Version: 2.x

Use Dynamic Tables to Speed Up Queries and Auto-Refresh Data

Dynamic tables are database objects similar to materialized views that refresh data automatically and speed up queries. Apache Cloudberry introduces dynamic tables to make query processing faster and data updates automatic.

Dynamic tables can be created from base tables, external tables, or materialized views. They update data automatically based on a schedule, keeping the data current.

Use cases

Dynamic tables are suitable for these scenarios:

Faster queries in lakehouse setups: Replace external table queries with dynamic table queries to improve performance.
Automatic data updates: Schedule refresh tasks to keep data updated without manual effort.
Real-time analysis: Do well for scenarios that need frequent and up-to-date queries, such as financial analysis or operations monitoring.

Comparison with materialized views

Dynamic tables and Answer Query Using Materialized Views have these differences:

Feature	Dynamic table	AQUMV
Purpose	A special table that automatically refreshes, processes data pipelines, and simplifies ETL.	Uses materialized views to improve query efficiency and automatically rewrite queries.
Base and structure	Can be based on ordinary tables, external tables, materialized views.	Based on materialized views, usually targeting a single table.
Query rewrite	Not supported	Supports single-table rewrite
Data refresh mechanism	Users can define automatic refresh interval through SQL	Requires manual refresh of materialized view data

Usage

Create a dynamic table

To create a dynamic table, use the CREATE DYNAMIC TABLE statement:

CREATE DYNAMIC TABLE table_name AS <select_query> [WITH NO DATA] [SCHEDULE '<cron_string>'] [DISTRIBUTED BY <distribution_key>];

Parameter details:

<select_query>: The SQL query with which the dynamic table is defined.
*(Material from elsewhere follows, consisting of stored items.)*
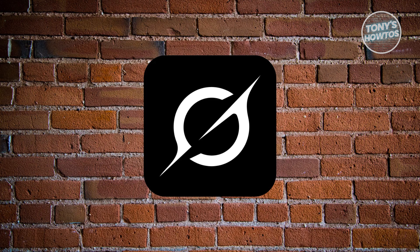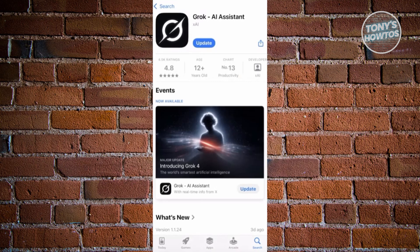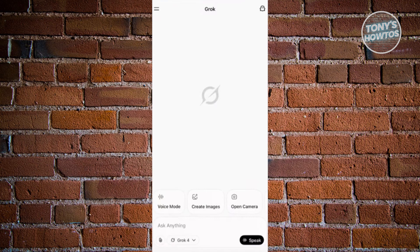So how do you start using it if you have an iOS device? Open up the Grok AI app. You want to make sure that you have the latest version of the app, so go ahead and open up the App Store, search for Grok AI, and update the app. Now inside the app, you want to click on the toolbar icon at the top left of your screen.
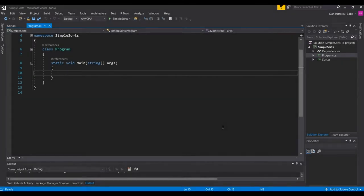Welcome to Developer Ramp Up, a channel dedicated to anybody who wishes to become a software developer. In this video we'll play around with simple sorting algorithms.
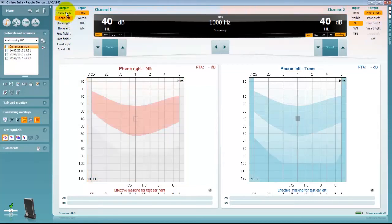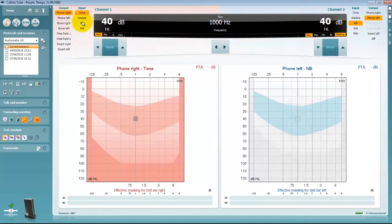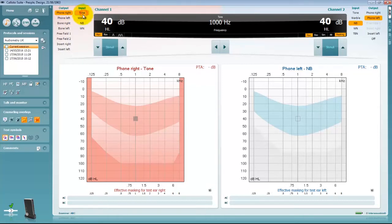On each channel side you can choose which transducer is being used and also the stimulus. The system can be operated via mouse control or via PC keyboard shortcuts.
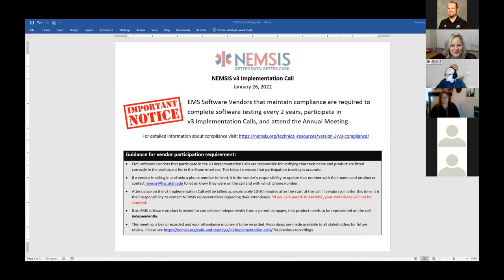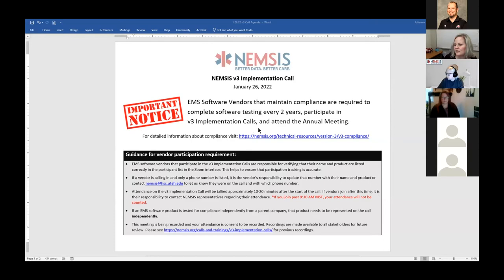Welcome everyone to the V3 implementation call. Today is January 26th. We have a pretty full agenda so we'll jump right in. I do want to excuse Eric and Clay from the call first thing this morning — they had a conflict they needed to take care of and will join us as soon as they're able.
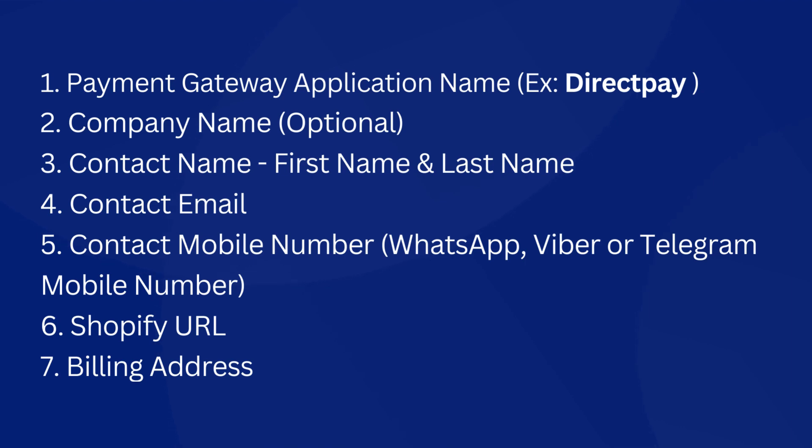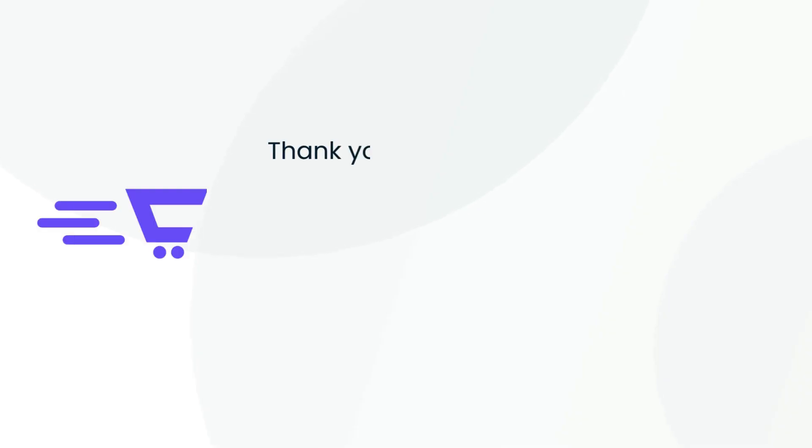4. Contact Email. 5. Contact Mobile Number (WhatsApp, Viber or Telegram Mobile Number). 6. Shopify URL. 7. Billing Address. Thank you for watching.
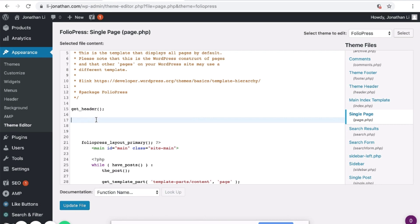To use Apply Filters, simply type apply_filters. Then you have to name the filter. Here I will type Steel Making.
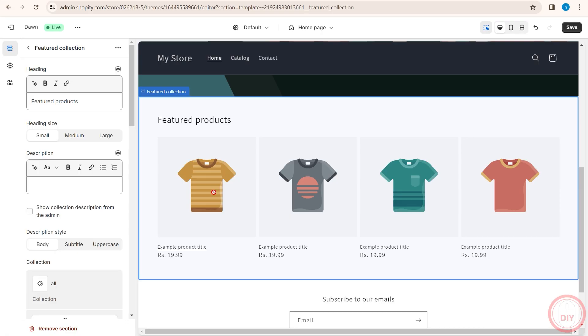So yeah, that's pretty much it on how you can easily add reviews into your Shopify store. Hope you guys found this video helpful. If you did, make sure you subscribe to the channel, like the video, and also comment down below on what next videos we should make. Thank you for watching. Bye bye.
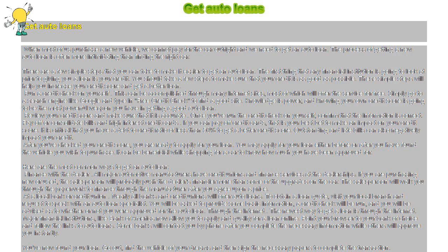At a local bank or credit union. Nearly all banks and credit unions will offer auto loans. To obtain a loan quote, visit your local branch and request to speak with an auto loan specialist. You will be asked to provide some basic information, a credit check will be run, and you will be advised as to whether or not you were approved for the auto loan.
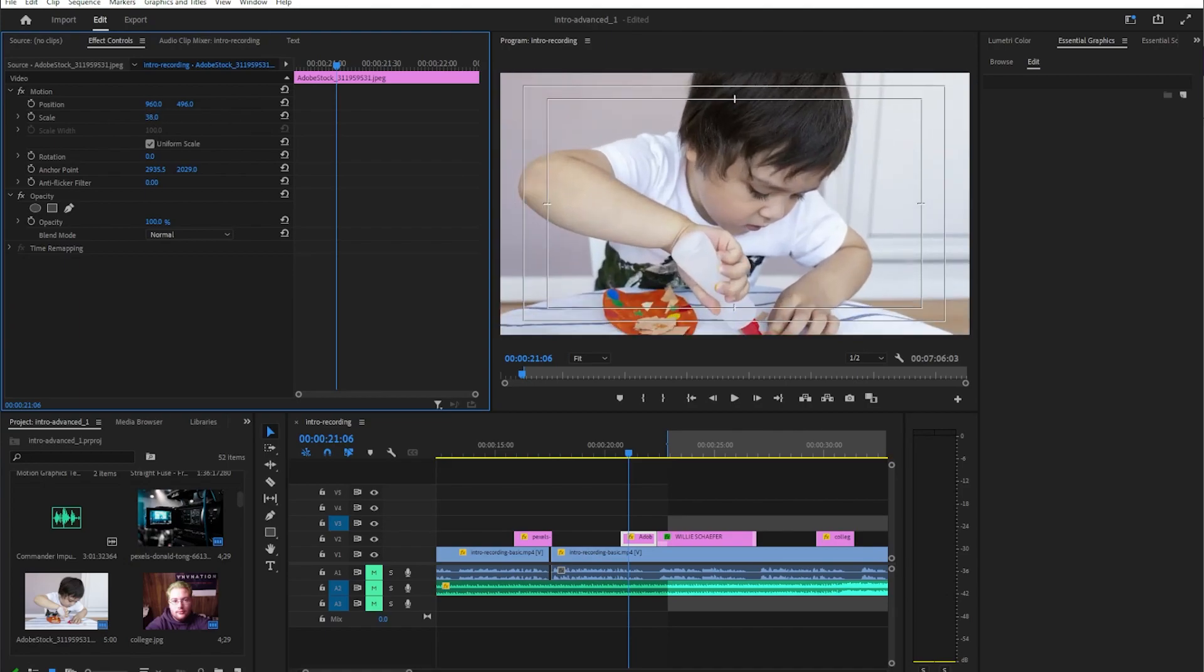And so if you have multiple images this is pretty handy because if you say okay 38 works really well, you bring in another image that's the same size, you can go to that image, punch in 38 and know that it will scale.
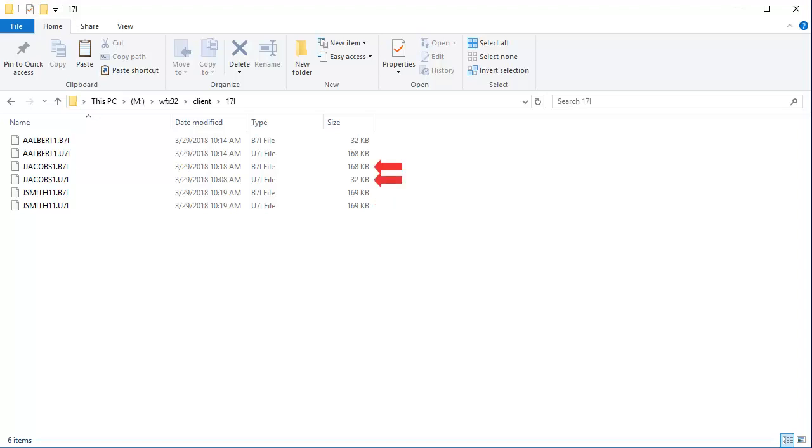The backup file for J.Jacobs is much larger than the return file. It also has a newer modified date. For this video, I am going to restore the J.Jacobs backup file.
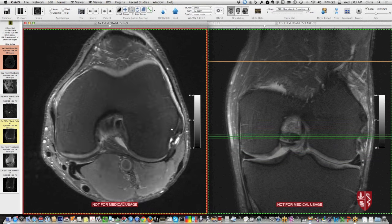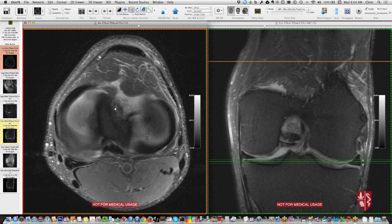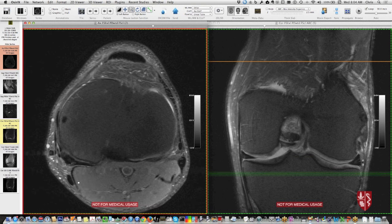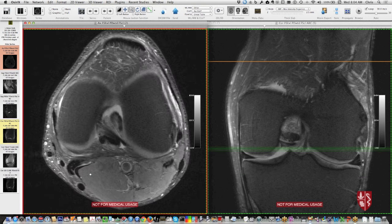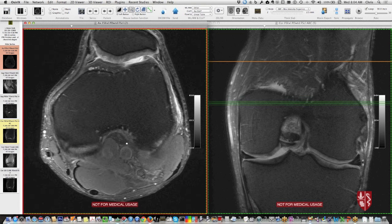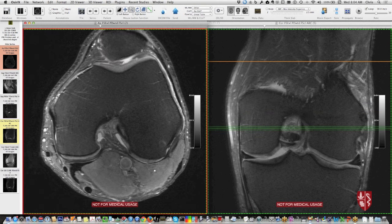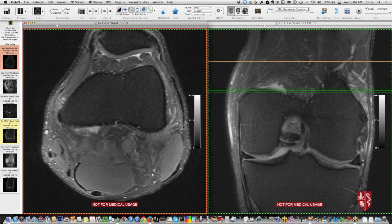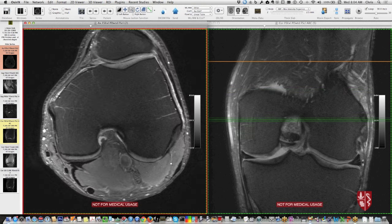Miscellaneous things to check on axials: fluid in the region of a Baker's cyst between the medial gastrocnemius and semimembranosus, fluid around the pes anserine tendons, and the popliteal fossa — checking that vessels pass through without deviation or possible entrapment by the gastrocnemius muscles. The tibial nerve and common peroneal nerve are also visible on axials.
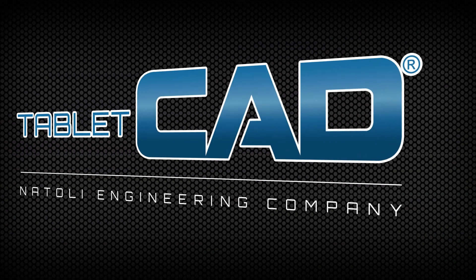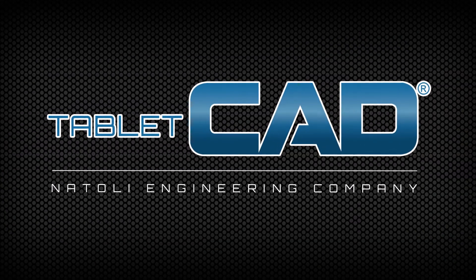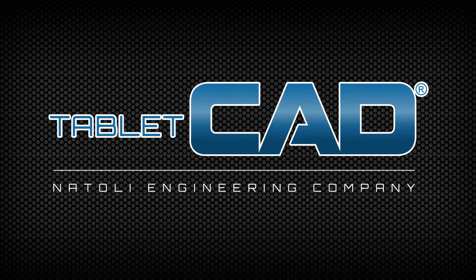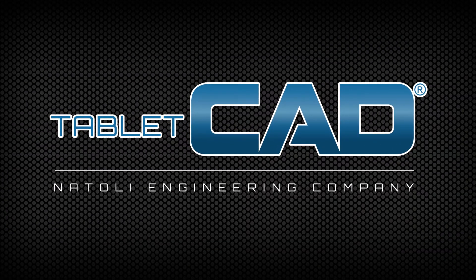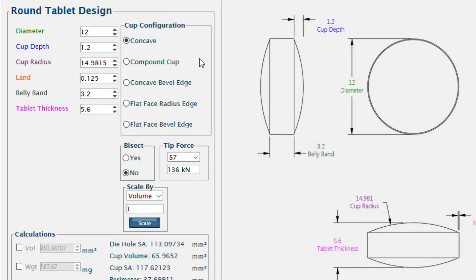Natoli's tablet design program provides a simple, cost-effective way for tablet manufacturers to create tablets to your organization's specifications. With this program, your tablet designs are a direct link to the manufacturing process, as tooling will be manufactured precisely to your models.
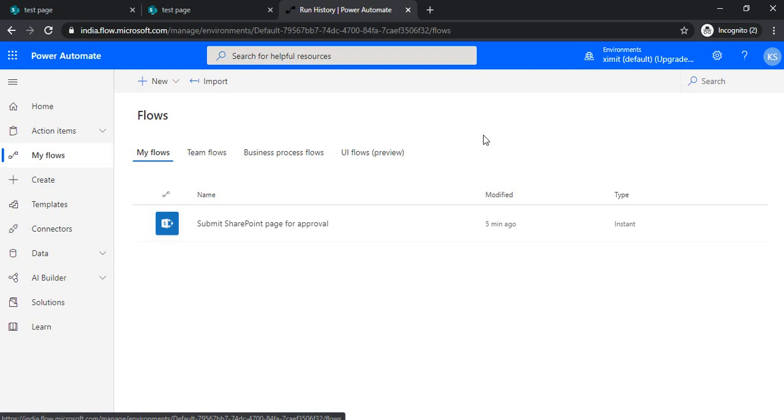That's it for now. I will share the schema in my YouTube comments so you can refer to it for your own flow. Thank you.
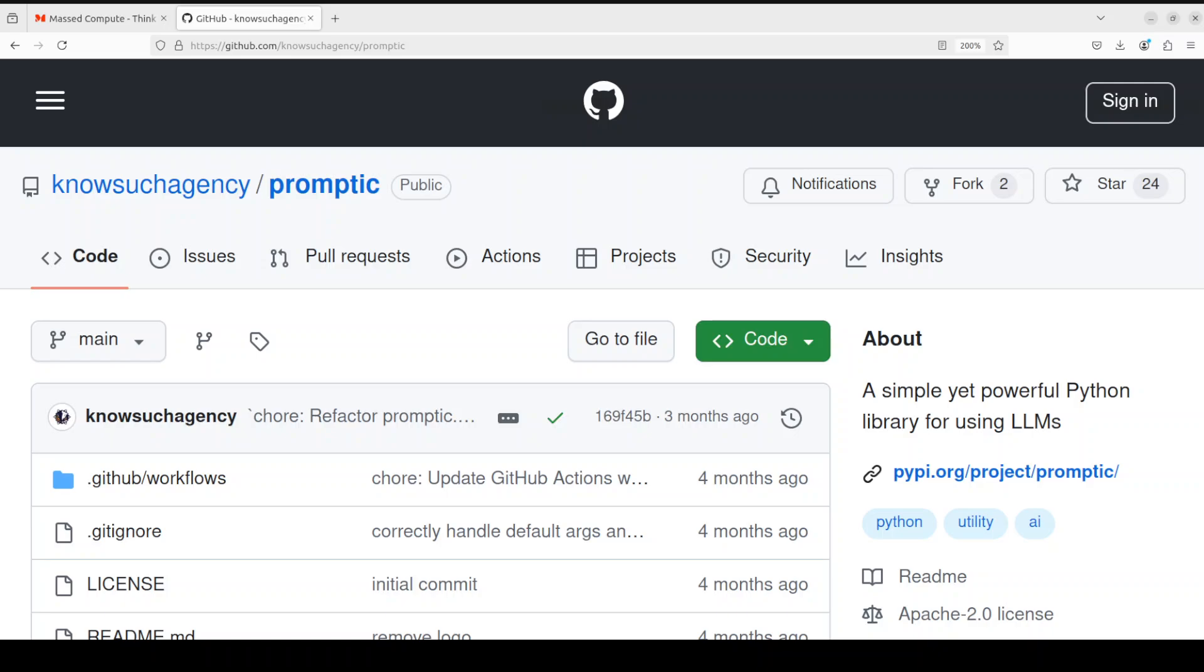Hello everyone and welcome to the channel. In this video I'm going to show you a very nifty little tool called Promptech. Promptech is quite easy to use, but the important thing here is to understand what exactly is Promptech and why do we need it.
Supports joins with base tables, materialized views, or other dynamic tables.
WITH NO DATA: Creates the table without initial data.
SCHEDULE '<cron_string>': Sets the refresh schedule using Linux cron expressions. See Cron Expressions for more details.
DISTRIBUTED BY: Defines the distribution key to improve query performance.

Full syntax:

CREATE DYNAMIC TABLE [ IF NOT EXISTS ] table_name
   [ (column_name [, ...] ) ]
   [ USING method ]
   [ WITH ( storage_parameter [= value] [, ... ] ) ]
   [ TABLESPACE tablespace_name ]
   [ SCHEDULE schedule_string ]
   AS query
   [ WITH [ NO ] DATA ]
   [ DISTRIBUTED BY (keys [, ...]) ];

Example:

CREATE DYNAMIC TABLE dt0 SCHEDULE '5 * * * *' AS SELECT a, b, sum(c) FROM t1 GROUP BY a, b WITH NO DATA DISTRIBUTED BY(b);

\d dt0

             List of relations
Schema | Name |     Type      |  Owner  | Storage
--------+------+---------------+---------+---------
public | dt0  | dynamic table | gpadmin | heap
(1 rows)

This example creates a dynamic table dt0 and schedules it to refresh every 5 minutes.

Refresh a dynamic table

Dynamic tables refresh automatically based on their SCHEDULE setting. To manually refresh a table, use the REFRESH DYNAMIC TABLE statement. Replace table_name with the actual table name:

REFRESH DYNAMIC TABLE table_name;

To clear the table and make it unreadable, use the WITH NO DATA option. Replace table_name with the actual table name:

REFRESH DYNAMIC TABLE table_name WITH NO DATA;

View schedule information

To view the refresh schedule of a dynamic table, use the pg_get_dynamic_table_schedule function. Replace table_name with the actual table name:

SELECT pg_get_dynamic_table_schedule('table_name'::regclass::oid);

Drop a dynamic table

To delete a dynamic table and its associated refresh tasks, use the DROP DYNAMIC TABLE statement. Replace table_name with the actual table name:

DROP DYNAMIC TABLE table_name;

View distribution key

You can specify a distribution key when creating a dynamic table to optimize query performance. Use the \d+ command to view distribution keys and query definitions.

Example:

\d+ dt0

Output:

Dynamic table "public.dt0"
Column |  Type   | Collation | Nullable | Default | Storage | Compression | Stats target | Description
--------+---------+-----------+----------+---------+---------+-------------+--------------+-------------
a      | integer |           |          |         | plain   |             |              |
b      | integer |           |          |         | plain   |             |              |
sum    | bigint  |           |          |         | plain   |             |              |
View definition:
SELECT t1.a,
   t1.b,
   sum(t1.c) AS sum
   FROM t1
   GROUP BY t1.a, t1.b;
Distributed by: (b)
Access method: heap

In this example, the dynamic table dt0 uses column b as its distribution key. This ensures efficient query and aggregation operations, because data is distributed across nodes based on b.

Examples

Example 1: Accelerate external table queries in lake-house architecture

Apache Cloudberry automatically replaces queries to external tables with queries on dynamic tables when processing data from data lakes or external storage, thereby accelerating the query process.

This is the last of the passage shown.